* WHAT TO PRODUCE
What follows is a set of records. Copy them exactly and leave out the images.

(Dataset records)
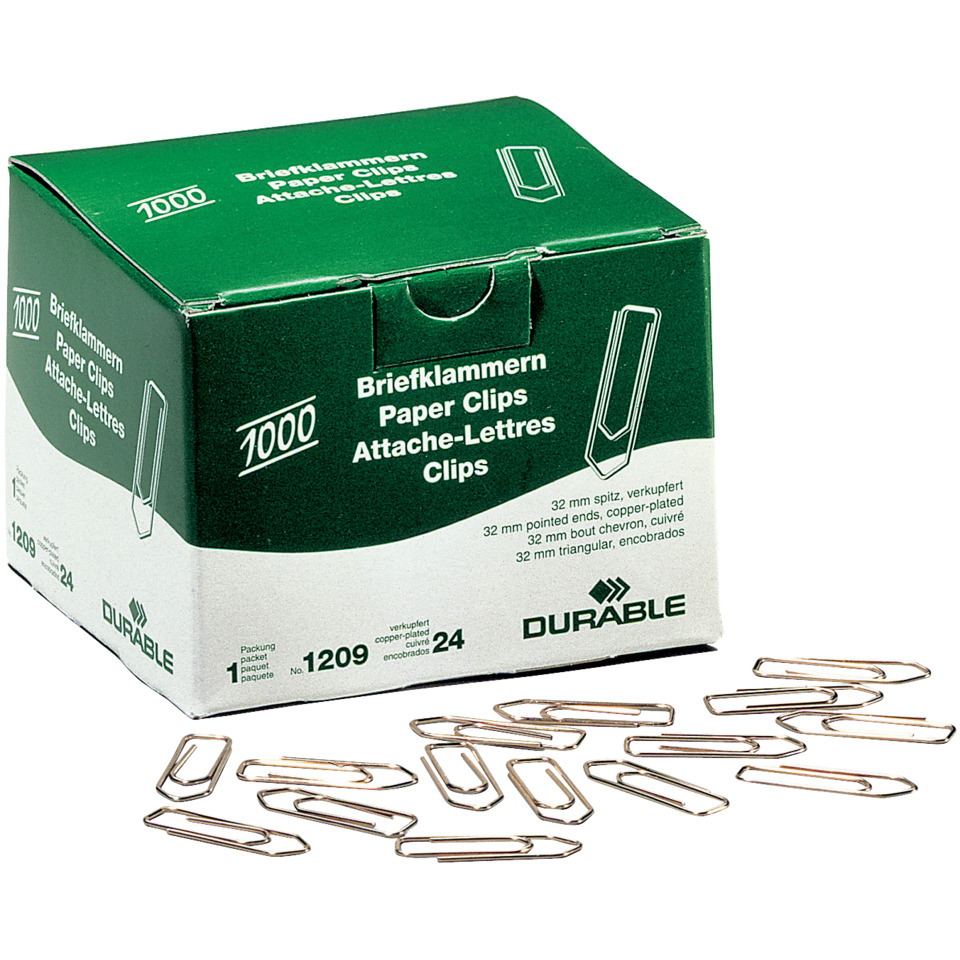 Briefklammer - 32 mm, Metall, verkupfert, Schachtel mit 1000 Stück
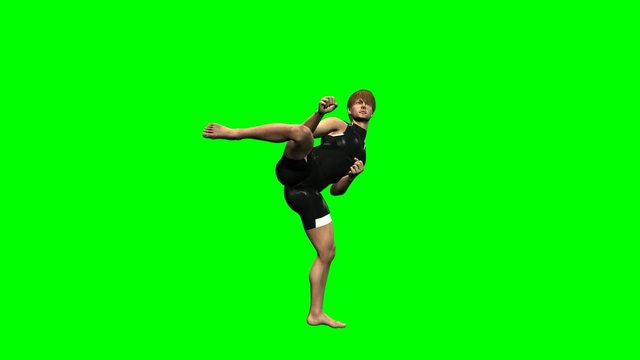 Rendering al rallentatore su sfondo chroma key di un giovane uomo bianco che si allena alle arti marziali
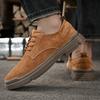 Fashion Retro Genuine Leather Men Shoes Casual Non Slip Wear Resistant Suede Daily Business Shoe Hot Sale Round Toe Low Top British Styl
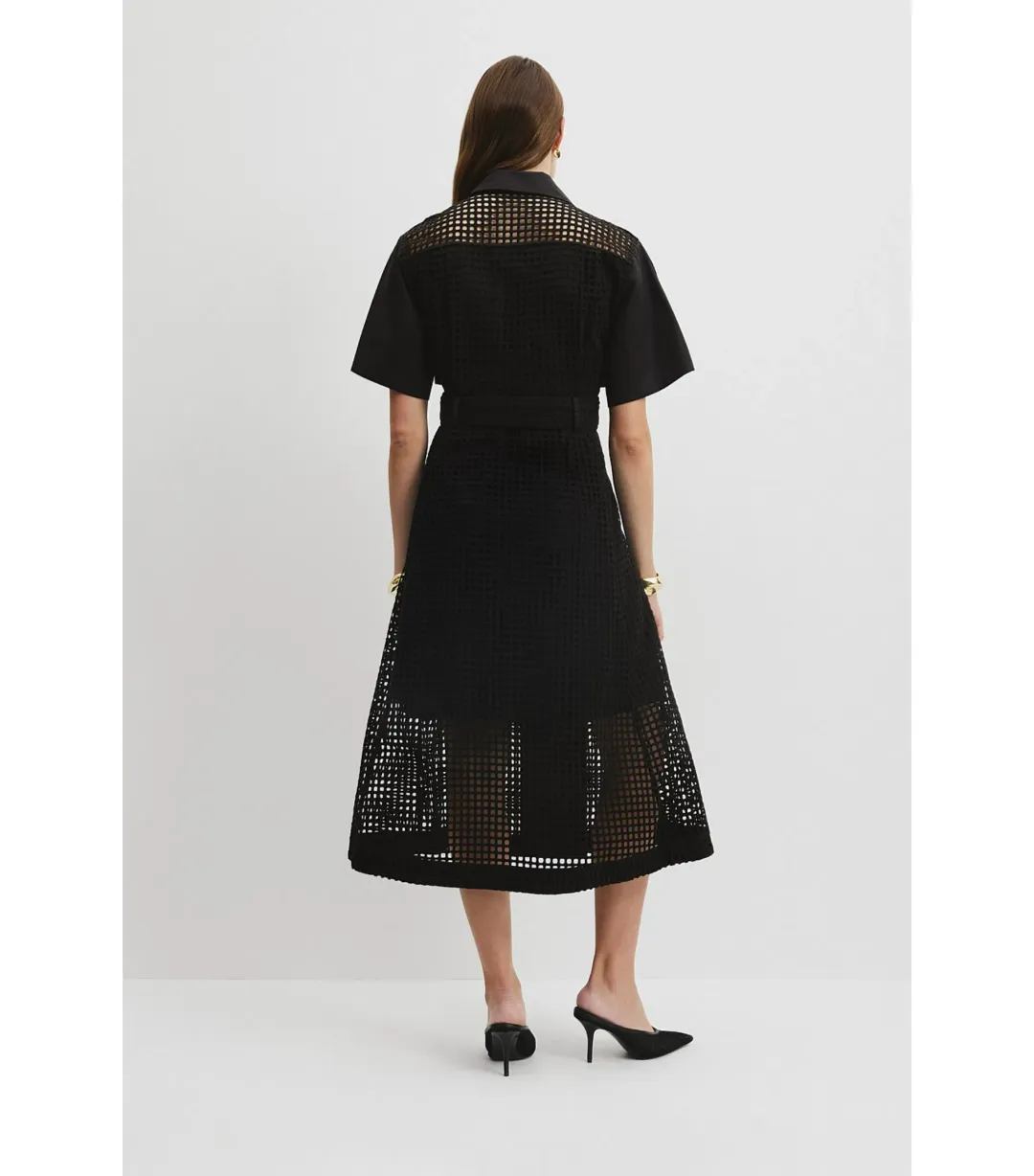 Country Road Utility Mesh Midi Dress Black Size 12 for rent on The Volte - main image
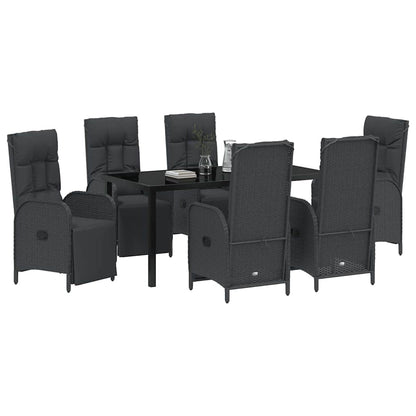 Set da Pranzo per Giardino con cuscino 7 pcs Nero Poly Rattan - homemem39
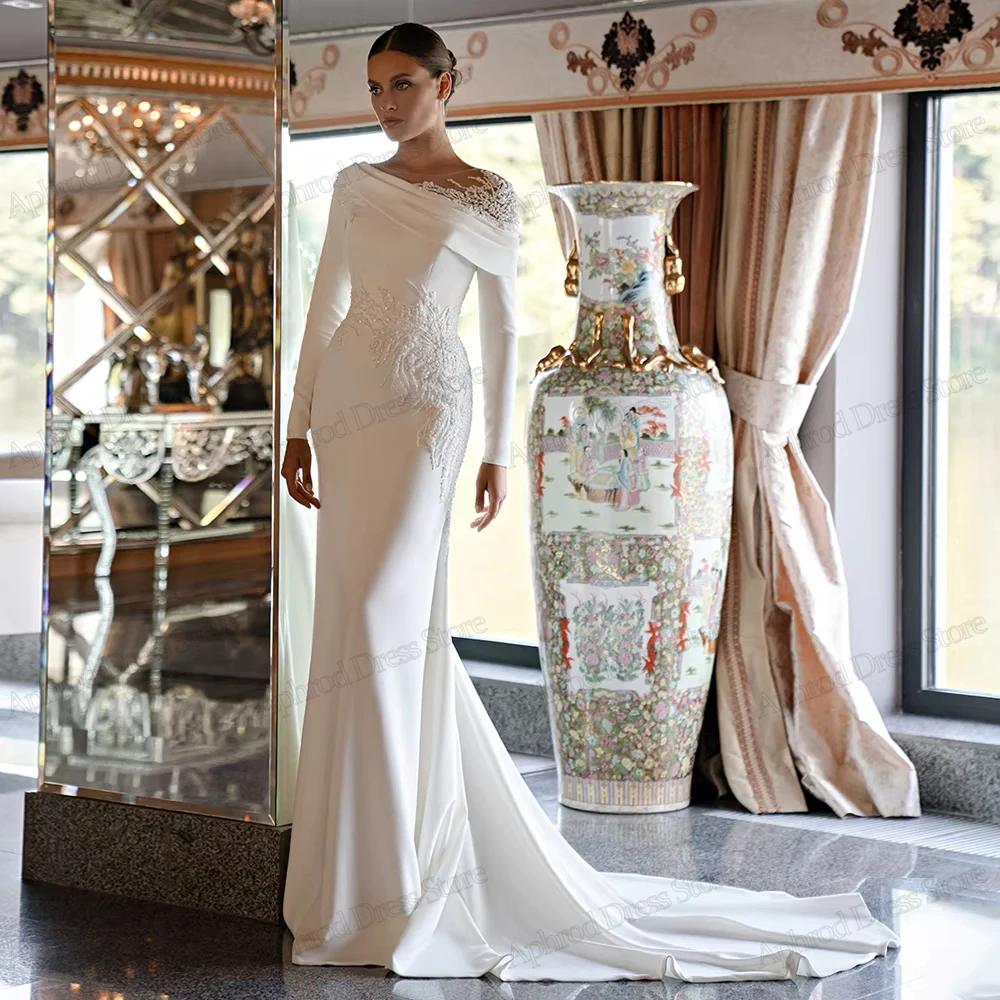 Gorgeous Wedding Dresses Satin Bridal Gowns Beading Appliques Full Sleeves Robes For Women Vestidos De Novia Customized 2026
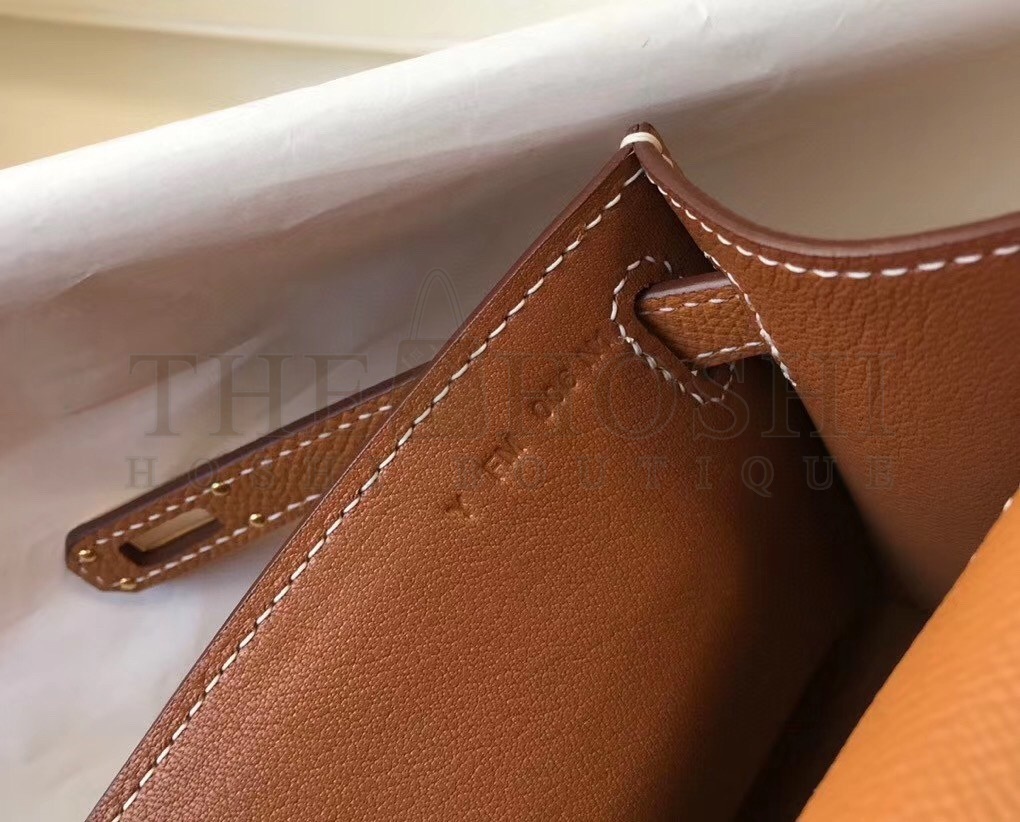 H**me5 Kelly Pochette Bag In Gold Epsom Leather Master Quality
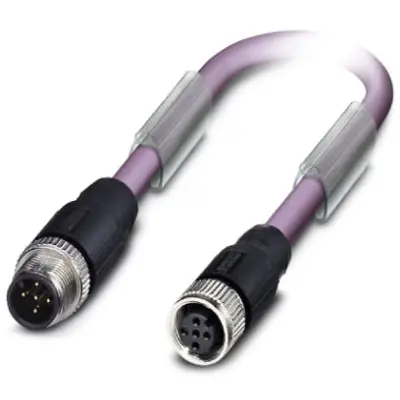 Sensor actuator cable, M12-cable plug, straight to M12-cable socket, straight, 5 pole, 0.3 m, PUR, purple, 4 A, 1507528 - 1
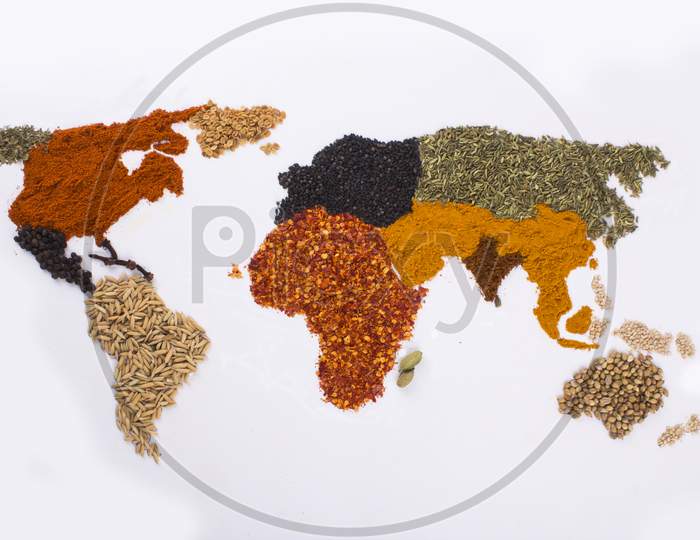 World Map With Large Collenction Of Spices On White Stock Photo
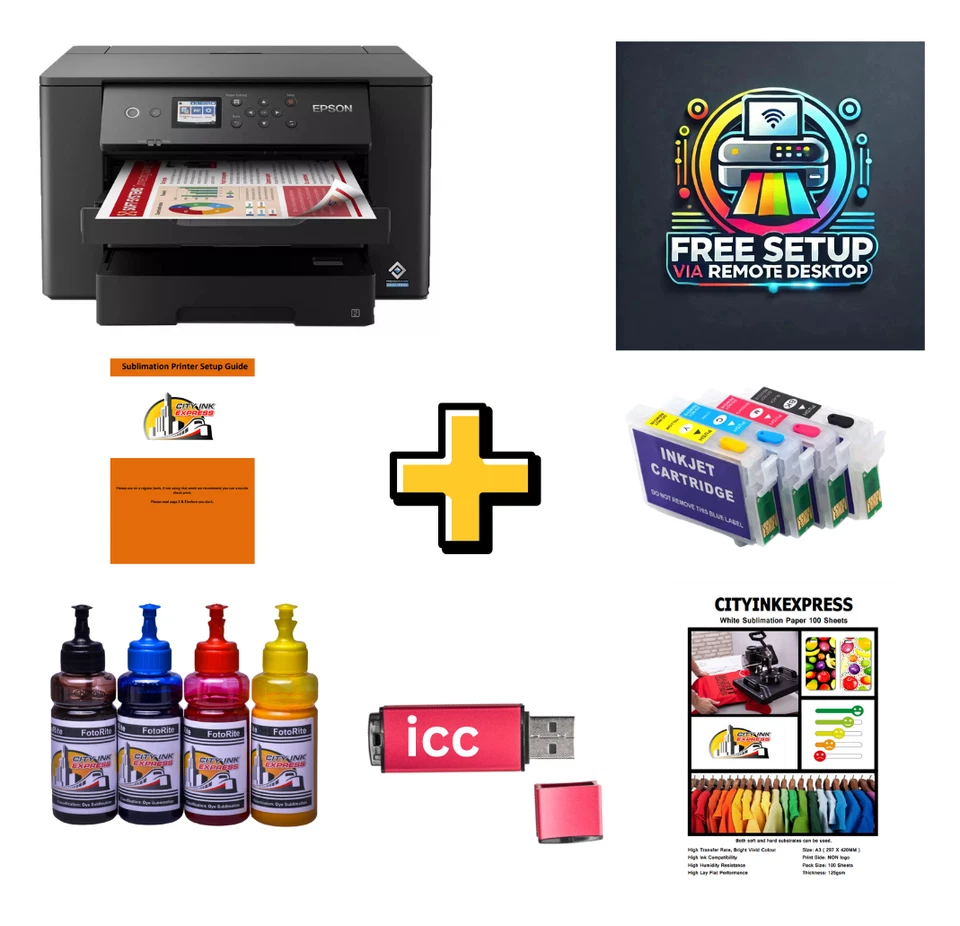 A3 Sublimation Printer Bundle Kit Epson WF-7310dtw Non Oem Dye Sub Ink printer - Image 1 of 4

* THE ANSWER
 Briefklammer - 32 mm, Metall, verkupfert, Schachtel mit 1000 Stück
 Rendering al rallentatore su sfondo chroma key di un giovane uomo bianco che si allena alle arti marziali
 Fashion Retro Genuine Leather Men Shoes Casual Non Slip Wear Resistant Suede Daily Business Shoe Hot Sale Round Toe Low Top British Styl
 Country Road Utility Mesh Midi Dress Black Size 12 for rent on The Volte - main image
 Set da Pranzo per Giardino con cuscino 7 pcs Nero Poly Rattan - homemem39
 Gorgeous Wedding Dresses Satin Bridal Gowns Beading Appliques Full Sleeves Robes For Women Vestidos De Novia Customized 2026
 H**me5 Kelly Pochette Bag In Gold Epsom Leather Master Quality
 Sensor actuator cable, M12-cable plug, straight to M12-cable socket, straight, 5 pole, 0.3 m, PUR, purple, 4 A, 1507528 - 1
 World Map With Large Collenction Of Spices On White Stock Photo
 A3 Sublimation Printer Bundle Kit Epson WF-7310dtw Non Oem Dye Sub Ink printer - Image 1 of 4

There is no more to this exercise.